Ask about cancers, and with particular care to the age of the person when they were diagnosed with cancer. It is less relevant that “Gogo” died of cancer at 95, and more relevant if two cousins had breast cancer under the age of 40.

Family history is not just about your cancer history; it is about heart disease, diabetes, tendency to clots – deep vein thrombosis or pulmonary embolus.

The skin

We should check our skin. Some people should check more vigilantly than others. Fair of face, gorgeous redheads, ginger complexion, and family history of melanoma. Find a friendly dermatologist for a skin assessment and if necessary a mole mapping. They can tell you how often you need screening specifically for your needs. Do not rush into the slice and dice of 1000 knives of little moles been cut out of your body! Just in case, make sure a proper assessment is done before your little unknown blemishes are burnt, because unless a small critter is properly cremated, the seed remains and should it be a weed (a melanoma), you could be in trouble.

The breasts

Picking up cancers early makes sense or does it? The simplest form of breast screening actually applies to your whole body – know your breasts, know your body!

Examine your breasts by doing the following: 

Stand in front of the mirror, not an easy sight (I know). Feel you breasts; let someone else check them too (50% of lumps are picked up by a significant other). 

Don’t squeeze your nipples, they are glorified plugs. Don’t lift your arm above your head when checking your armpit (axilla) for glands.

Remember most lumps are not cancer!

Mammogram screening can start at any age from above 35. Some medical aids pay for it annually, some from 40, some from 50, and some only every two or three years, while some not at all. This is because screening is about health economics. Screening is not offered to all women in South Africa, as this is not financially viable. In fact, crunching the numbers in the worlds current economic climate means that the analysis of the data is such that most countries are reassessing screening guidelines.

A screening mammogram is a single view of the breast tissue; this is not what usually happens when you go for a mammogram paid for by your medical aid, or what happens when you go to a good government breast unit because you have a concern… Going for a mammogram in South Africa means that you have a mammogram with two views and usually an ultrasound.
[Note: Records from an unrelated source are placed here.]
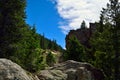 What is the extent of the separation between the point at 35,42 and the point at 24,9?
1094 centimetres

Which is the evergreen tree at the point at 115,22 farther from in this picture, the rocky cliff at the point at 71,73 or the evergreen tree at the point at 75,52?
the evergreen tree at the point at 75,52

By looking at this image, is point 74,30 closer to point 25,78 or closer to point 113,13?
point 113,13

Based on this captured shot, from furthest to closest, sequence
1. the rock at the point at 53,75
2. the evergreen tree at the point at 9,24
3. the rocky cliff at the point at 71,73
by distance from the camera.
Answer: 1. the rocky cliff at the point at 71,73
2. the evergreen tree at the point at 9,24
3. the rock at the point at 53,75

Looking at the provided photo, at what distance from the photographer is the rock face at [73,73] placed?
32.9 meters

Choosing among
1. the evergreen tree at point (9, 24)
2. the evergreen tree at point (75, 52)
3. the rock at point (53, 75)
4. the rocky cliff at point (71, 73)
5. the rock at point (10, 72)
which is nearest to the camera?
the rock at point (10, 72)

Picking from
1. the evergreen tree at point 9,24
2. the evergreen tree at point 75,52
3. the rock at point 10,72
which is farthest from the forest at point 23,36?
the rock at point 10,72

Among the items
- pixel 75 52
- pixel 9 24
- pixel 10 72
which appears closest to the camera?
pixel 10 72

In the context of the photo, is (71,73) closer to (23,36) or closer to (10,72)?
(23,36)

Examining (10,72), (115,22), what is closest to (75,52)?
(115,22)

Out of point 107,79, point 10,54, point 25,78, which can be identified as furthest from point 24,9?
point 25,78

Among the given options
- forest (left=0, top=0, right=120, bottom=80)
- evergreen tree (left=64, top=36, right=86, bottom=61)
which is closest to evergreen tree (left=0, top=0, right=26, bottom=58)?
forest (left=0, top=0, right=120, bottom=80)

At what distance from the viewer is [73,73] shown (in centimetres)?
3441

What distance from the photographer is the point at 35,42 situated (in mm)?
45656

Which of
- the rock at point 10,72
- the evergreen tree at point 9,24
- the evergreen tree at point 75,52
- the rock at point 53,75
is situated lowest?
the rock at point 53,75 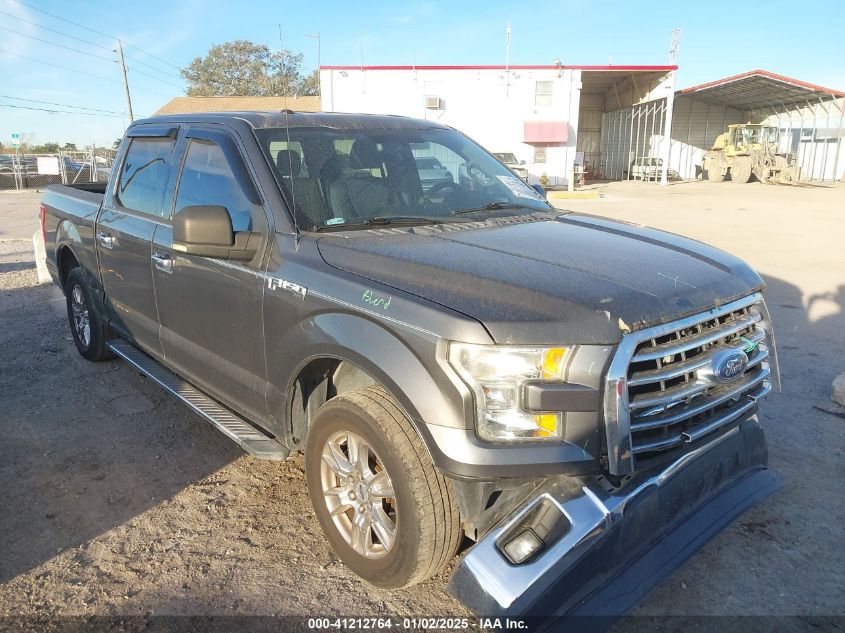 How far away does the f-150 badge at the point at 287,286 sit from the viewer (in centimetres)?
280

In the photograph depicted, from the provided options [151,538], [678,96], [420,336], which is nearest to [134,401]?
[151,538]

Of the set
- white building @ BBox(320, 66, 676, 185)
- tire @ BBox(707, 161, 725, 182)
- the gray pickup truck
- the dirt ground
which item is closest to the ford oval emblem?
the gray pickup truck

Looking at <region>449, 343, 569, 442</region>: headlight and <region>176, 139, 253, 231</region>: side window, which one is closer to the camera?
<region>449, 343, 569, 442</region>: headlight

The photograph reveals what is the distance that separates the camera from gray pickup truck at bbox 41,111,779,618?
218 centimetres

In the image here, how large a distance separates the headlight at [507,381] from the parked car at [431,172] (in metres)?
1.61

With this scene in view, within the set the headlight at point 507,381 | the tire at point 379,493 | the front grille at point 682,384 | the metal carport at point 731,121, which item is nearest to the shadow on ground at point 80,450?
the tire at point 379,493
The mammogram picks up changes in density, and small calcifications (graveyards of cells), while the ultrasound picks up masses (solids or cysts) and lymph nodes.
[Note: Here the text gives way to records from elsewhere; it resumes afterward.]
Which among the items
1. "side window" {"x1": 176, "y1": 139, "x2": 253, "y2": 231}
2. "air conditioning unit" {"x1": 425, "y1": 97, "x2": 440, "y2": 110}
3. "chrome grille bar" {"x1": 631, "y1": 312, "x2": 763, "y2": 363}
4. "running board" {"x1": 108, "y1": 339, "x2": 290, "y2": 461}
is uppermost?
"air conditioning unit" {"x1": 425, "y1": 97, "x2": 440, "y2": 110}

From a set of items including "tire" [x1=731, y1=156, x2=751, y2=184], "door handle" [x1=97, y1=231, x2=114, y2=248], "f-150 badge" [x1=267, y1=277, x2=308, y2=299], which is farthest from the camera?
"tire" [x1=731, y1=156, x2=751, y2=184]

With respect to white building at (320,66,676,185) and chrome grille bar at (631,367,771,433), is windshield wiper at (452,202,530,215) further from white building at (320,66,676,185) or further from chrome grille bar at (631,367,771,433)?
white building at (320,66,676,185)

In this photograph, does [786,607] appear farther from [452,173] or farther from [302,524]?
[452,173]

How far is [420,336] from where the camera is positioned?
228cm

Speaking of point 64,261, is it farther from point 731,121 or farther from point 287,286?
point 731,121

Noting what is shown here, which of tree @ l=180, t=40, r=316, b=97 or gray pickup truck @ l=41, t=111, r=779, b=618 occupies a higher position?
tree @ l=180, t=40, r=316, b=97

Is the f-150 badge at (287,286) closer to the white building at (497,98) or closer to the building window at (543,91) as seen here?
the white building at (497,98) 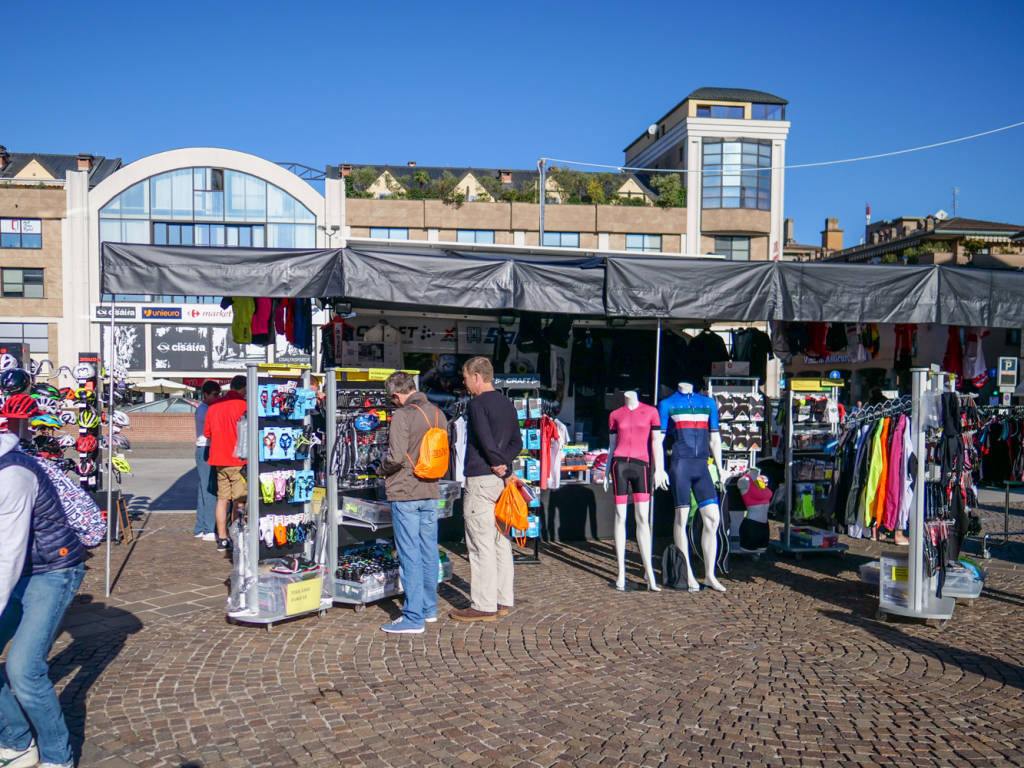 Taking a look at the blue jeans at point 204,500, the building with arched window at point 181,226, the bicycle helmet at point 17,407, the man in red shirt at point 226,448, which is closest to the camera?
the bicycle helmet at point 17,407

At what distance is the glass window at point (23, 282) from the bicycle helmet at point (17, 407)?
39195 mm

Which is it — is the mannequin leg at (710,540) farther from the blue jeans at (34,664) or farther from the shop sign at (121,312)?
the shop sign at (121,312)

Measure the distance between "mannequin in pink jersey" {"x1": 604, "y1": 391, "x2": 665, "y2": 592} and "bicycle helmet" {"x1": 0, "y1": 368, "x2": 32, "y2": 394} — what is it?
4596mm

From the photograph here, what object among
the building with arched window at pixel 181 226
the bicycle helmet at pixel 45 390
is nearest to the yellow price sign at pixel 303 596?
the bicycle helmet at pixel 45 390

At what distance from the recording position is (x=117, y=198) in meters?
36.9

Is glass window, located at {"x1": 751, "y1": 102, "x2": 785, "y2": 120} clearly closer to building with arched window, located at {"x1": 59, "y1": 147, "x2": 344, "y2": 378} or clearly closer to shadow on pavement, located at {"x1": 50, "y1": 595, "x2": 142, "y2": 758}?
building with arched window, located at {"x1": 59, "y1": 147, "x2": 344, "y2": 378}

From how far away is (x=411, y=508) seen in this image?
5.65 meters

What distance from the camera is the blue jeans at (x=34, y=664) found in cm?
328

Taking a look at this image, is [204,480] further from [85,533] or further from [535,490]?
[85,533]

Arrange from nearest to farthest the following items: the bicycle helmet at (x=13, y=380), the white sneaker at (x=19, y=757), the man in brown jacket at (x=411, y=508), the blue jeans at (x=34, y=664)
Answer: the blue jeans at (x=34, y=664) < the white sneaker at (x=19, y=757) < the bicycle helmet at (x=13, y=380) < the man in brown jacket at (x=411, y=508)

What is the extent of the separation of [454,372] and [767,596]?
482cm

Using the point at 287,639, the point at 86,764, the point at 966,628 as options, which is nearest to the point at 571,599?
the point at 287,639

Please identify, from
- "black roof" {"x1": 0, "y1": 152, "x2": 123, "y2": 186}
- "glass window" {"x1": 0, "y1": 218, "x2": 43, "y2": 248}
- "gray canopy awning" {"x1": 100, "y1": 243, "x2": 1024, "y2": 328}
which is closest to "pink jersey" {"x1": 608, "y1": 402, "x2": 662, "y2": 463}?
"gray canopy awning" {"x1": 100, "y1": 243, "x2": 1024, "y2": 328}

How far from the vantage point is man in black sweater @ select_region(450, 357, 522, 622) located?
589cm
Should a concerning area be found on the screening mammogram, your doctor will suggest that you have a fine needle biopsy (core), not a surgical biopsy.
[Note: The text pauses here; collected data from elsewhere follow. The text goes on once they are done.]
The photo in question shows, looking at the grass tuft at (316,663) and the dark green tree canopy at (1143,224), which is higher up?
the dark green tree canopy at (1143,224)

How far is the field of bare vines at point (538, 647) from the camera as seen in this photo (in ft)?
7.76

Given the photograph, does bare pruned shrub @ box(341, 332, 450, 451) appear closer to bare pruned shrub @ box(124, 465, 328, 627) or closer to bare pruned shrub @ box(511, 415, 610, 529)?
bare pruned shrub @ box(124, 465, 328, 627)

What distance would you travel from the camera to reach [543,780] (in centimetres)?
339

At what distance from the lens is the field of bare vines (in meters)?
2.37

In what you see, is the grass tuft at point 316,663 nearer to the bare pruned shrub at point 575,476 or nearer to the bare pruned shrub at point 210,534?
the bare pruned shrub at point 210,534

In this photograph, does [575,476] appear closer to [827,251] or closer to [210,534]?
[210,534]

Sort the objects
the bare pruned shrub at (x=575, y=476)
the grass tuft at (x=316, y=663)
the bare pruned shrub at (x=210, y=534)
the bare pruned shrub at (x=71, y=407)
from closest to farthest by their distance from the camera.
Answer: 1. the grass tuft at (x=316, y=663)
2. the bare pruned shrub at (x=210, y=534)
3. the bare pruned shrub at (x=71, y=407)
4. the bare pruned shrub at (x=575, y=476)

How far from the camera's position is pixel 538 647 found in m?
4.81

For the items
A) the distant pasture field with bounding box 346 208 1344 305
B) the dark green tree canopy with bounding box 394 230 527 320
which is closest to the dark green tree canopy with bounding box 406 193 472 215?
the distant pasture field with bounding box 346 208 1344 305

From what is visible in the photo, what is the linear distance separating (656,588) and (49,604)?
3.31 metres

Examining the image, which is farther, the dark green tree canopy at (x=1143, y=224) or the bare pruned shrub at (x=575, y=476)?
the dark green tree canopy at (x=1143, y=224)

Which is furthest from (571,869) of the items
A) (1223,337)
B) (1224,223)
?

The rule about GIT (gastrointestinal) cancers is a gastroscopy from 40 (10- yearly if all fine from there) and a colonoscopy from 50.

I do think that men need to screen more routinely for prostate cancer! What is the problem with a small finger, ultrasound probe or blood test? Surely you guys are manly enough to cope with that annually from the age of 40 or 45.

I have not even crossed the great divide of non-cancer screening.

It’s very important and a no-brainer to regularly check your blood pressure and fasting cholesterol. Your fasting insulin (yes) and glucose, plus your vitamin D level. Understanding the strain your body, or working engine, takes every day is critical!

If your fasting glucose is normal but your fasting insulin is 30 – well hello Houstin – your body is revving in the red…

The nice thing is that all these problems are fixable, unlike the cancer screening.

Moral of the story, wear your seatbelt (screen), drive your car (exercise) and see the sights (enjoy life), plus put the best fuel in (eat well), and enjoy the journey! 


Prof Carol-Ann Benn heads up breast cancer centres at Helen Joseph Hospital and Netcare Milpark Hospital. She lectures at Wits University and, in 2002, established the Breast Health Foundation.